● Problem details
Your answer should hold exactly the lines below from the line with "Yellow Round Neck Button Knit Vest | Rihoas" through the line with "BUREI Men Fashion", both included, and no pictures at all.

-- Opening Marker --

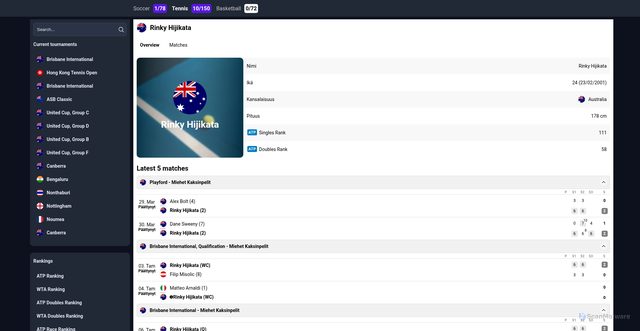 Security scan screenshot of https://stats.sb.scc.legendz.com/fi/player/tennis/819860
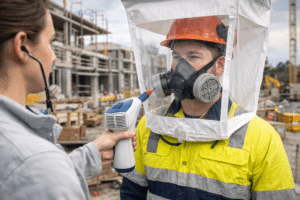 A safety professional conducts a qualitative respirator fit test on a construction worker wearing a half-face elastomeric respirator and orange hard hat. The worker's head is enclosed in a clear plastic test hood while the tester directs a fit test agent from a handheld nebulizer, with an active construction site visible in the background.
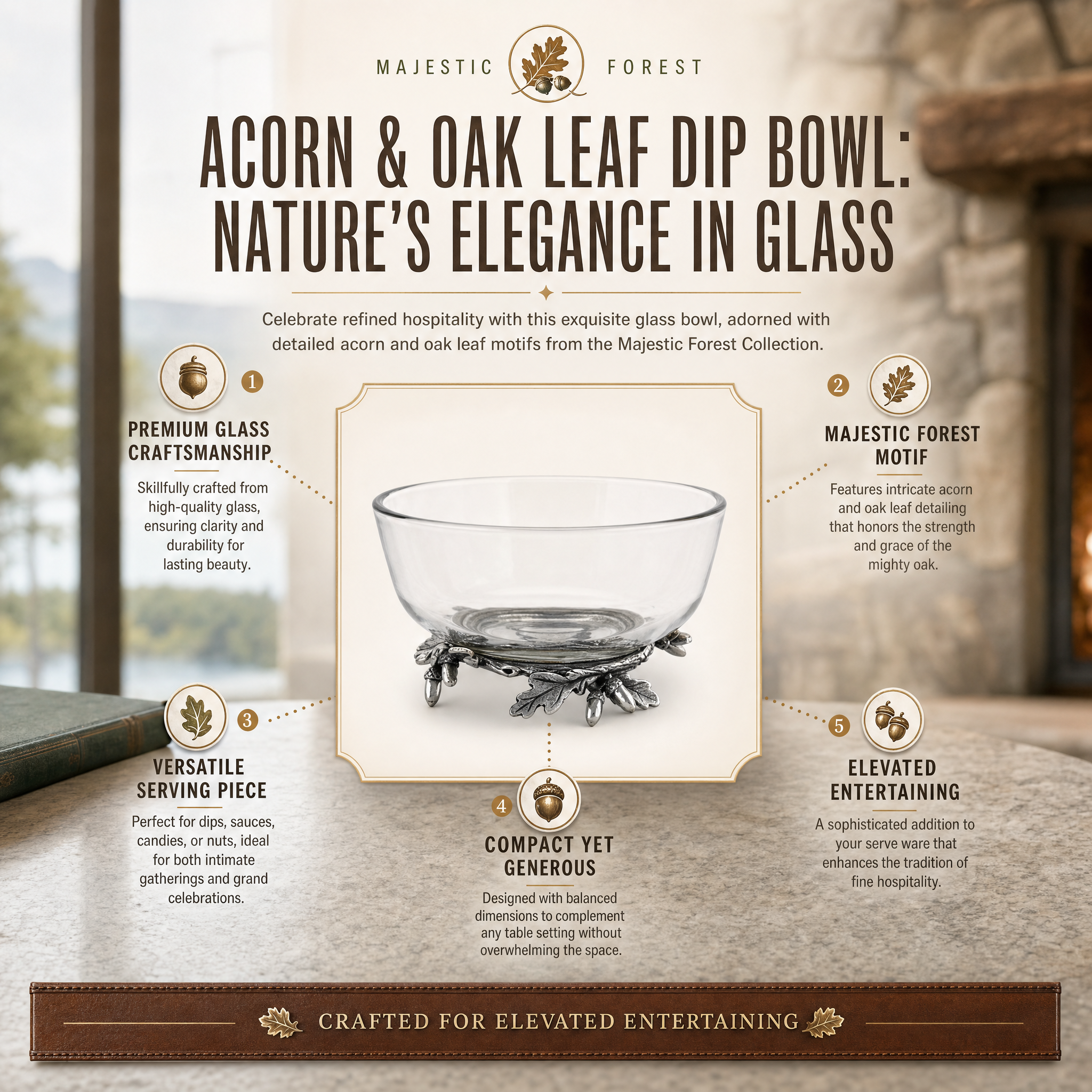 Acorn & Oak Leaf Dip Bowl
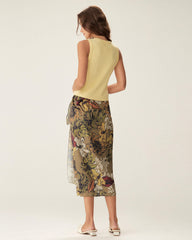 Yellow Round Neck Button Knit Vest | Rihoas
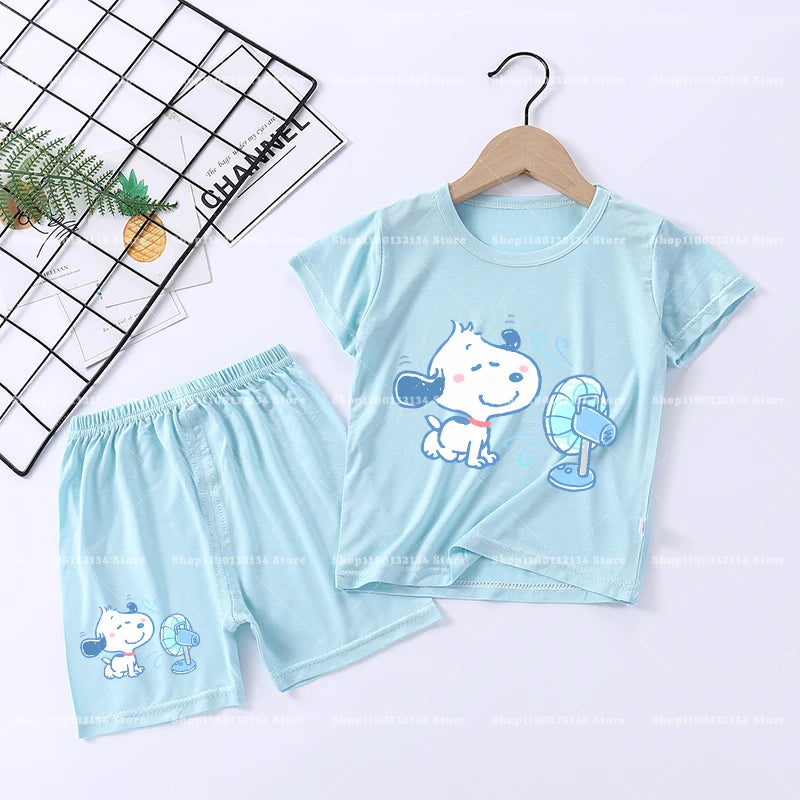 Snoopys Boy Girl Sleepwear Kawaii Cartoon Pyjamas Set Children Cute Home Wear Short Sleeves Shorts Baby Pajamas Summer Clothes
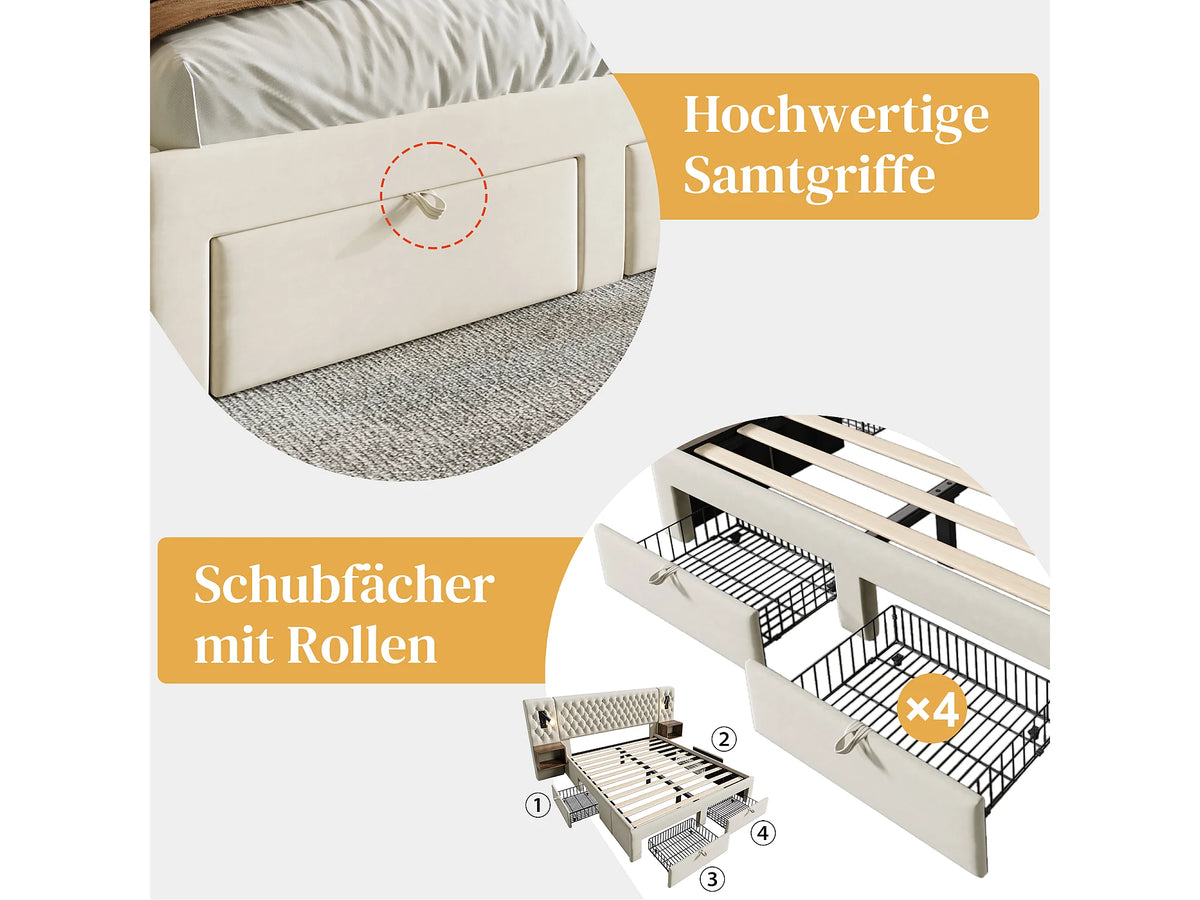 Lit Coffre 160x200 Velours Beige avec Chevets, Matelas et Tiroirs — vue 9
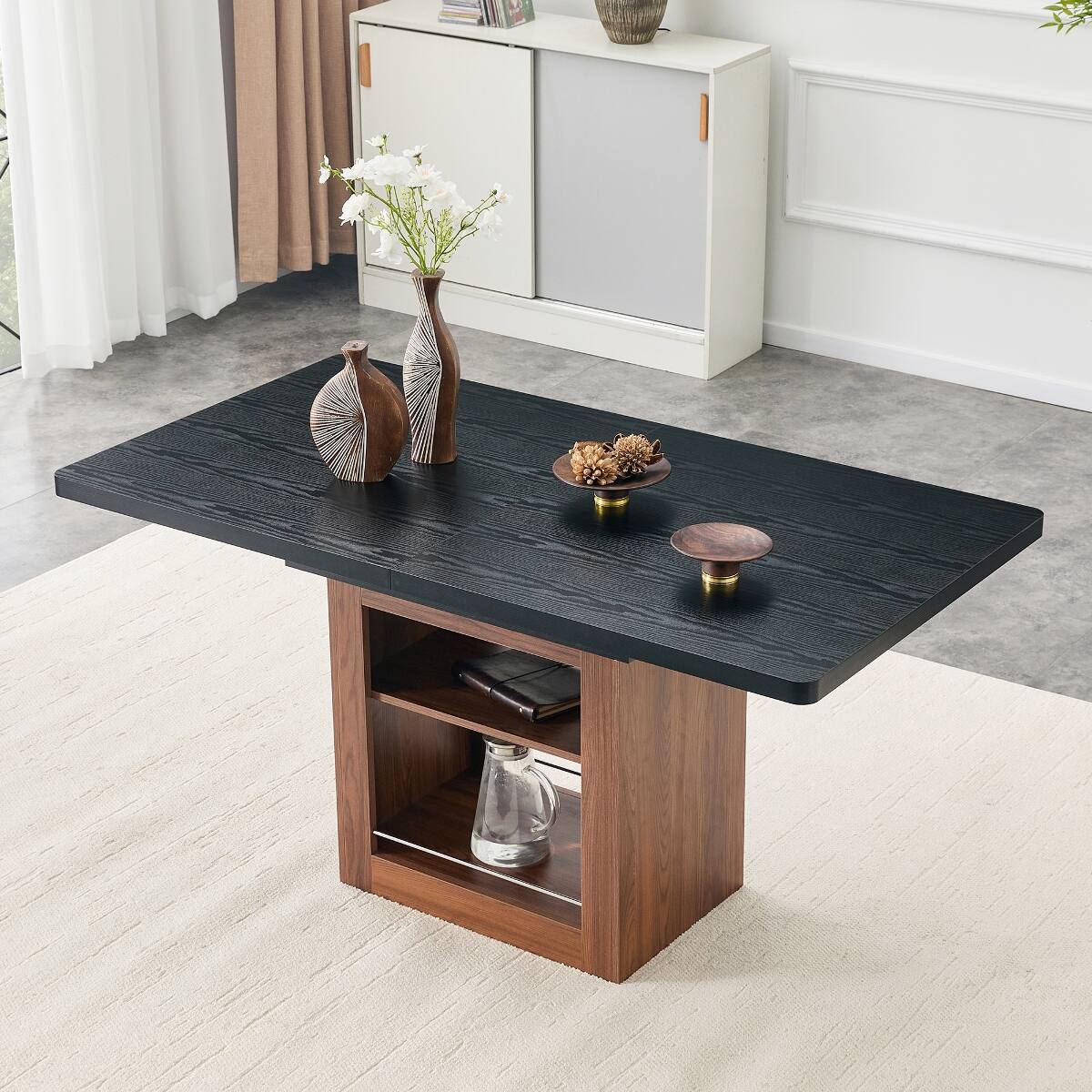 Loheer Extendable Dining Table, 59 to 71 Inch Dining Table Black and ...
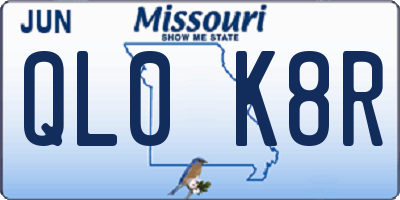 MO license plate QL0K8R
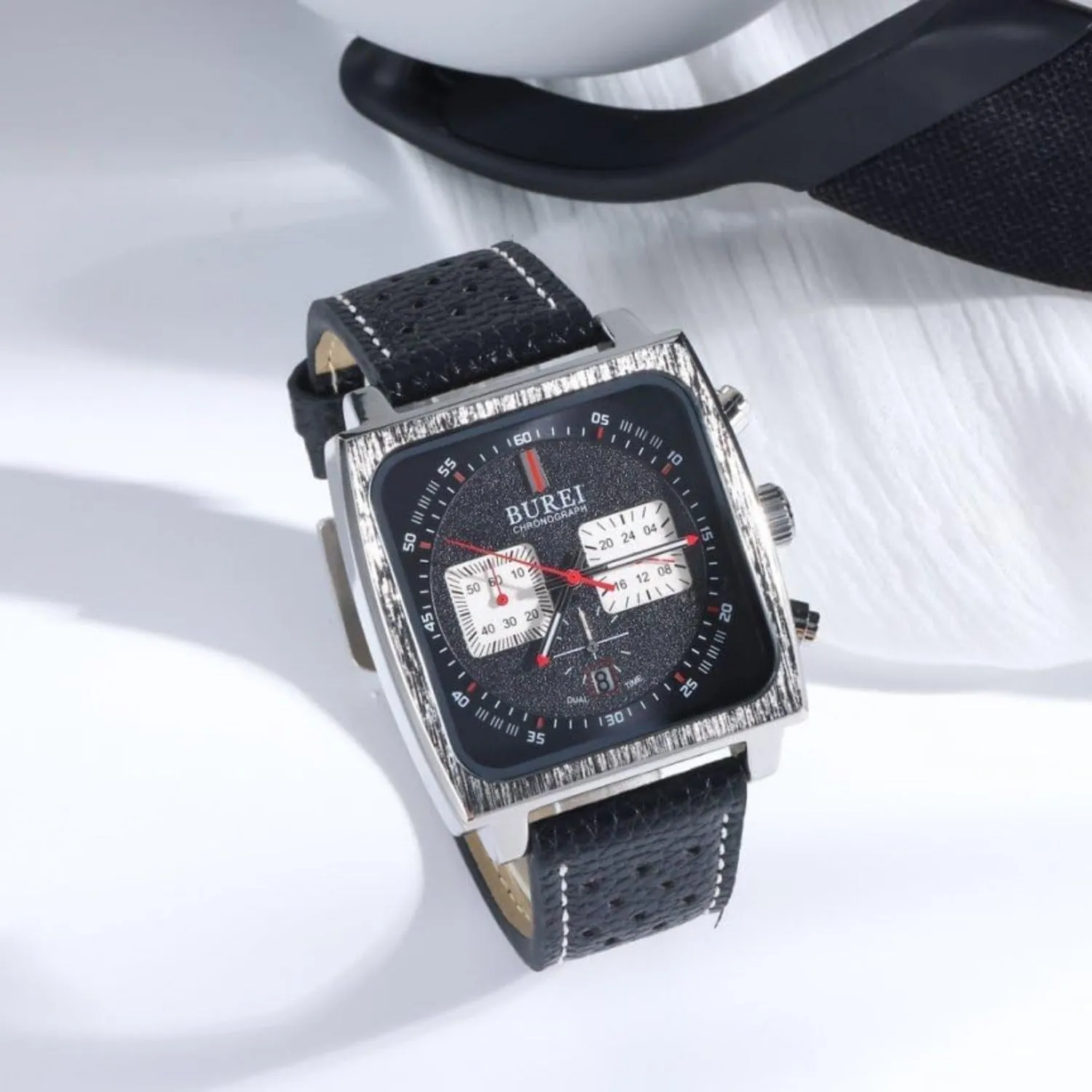 BUREI Men Fashion Wrist Chronograph Watches Analog Waterproof Leather Watches for Men
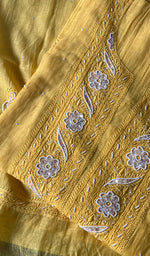 将图像加载到图库查看器中， Women&#39;s Lakhnavi Handcrafted Mul Chanderi Semi - Stitched Kurta And Dupatta Set - HONC0241745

-- Closing Marker --

● Written solution
 Yellow Round Neck Button Knit Vest | Rihoas
 Snoopys Boy Girl Sleepwear Kawaii Cartoon Pyjamas Set Children Cute Home Wear Short Sleeves Shorts Baby Pajamas Summer Clothes
 Lit Coffre 160x200 Velours Beige avec Chevets, Matelas et Tiroirs — vue 9
 Loheer Extendable Dining Table, 59 to 71 Inch Dining Table Black and ...
 MO license plate QL0K8R
 BUREI Men Fashion Wrist Chronograph Watches Analog Waterproof Leather Watches for Men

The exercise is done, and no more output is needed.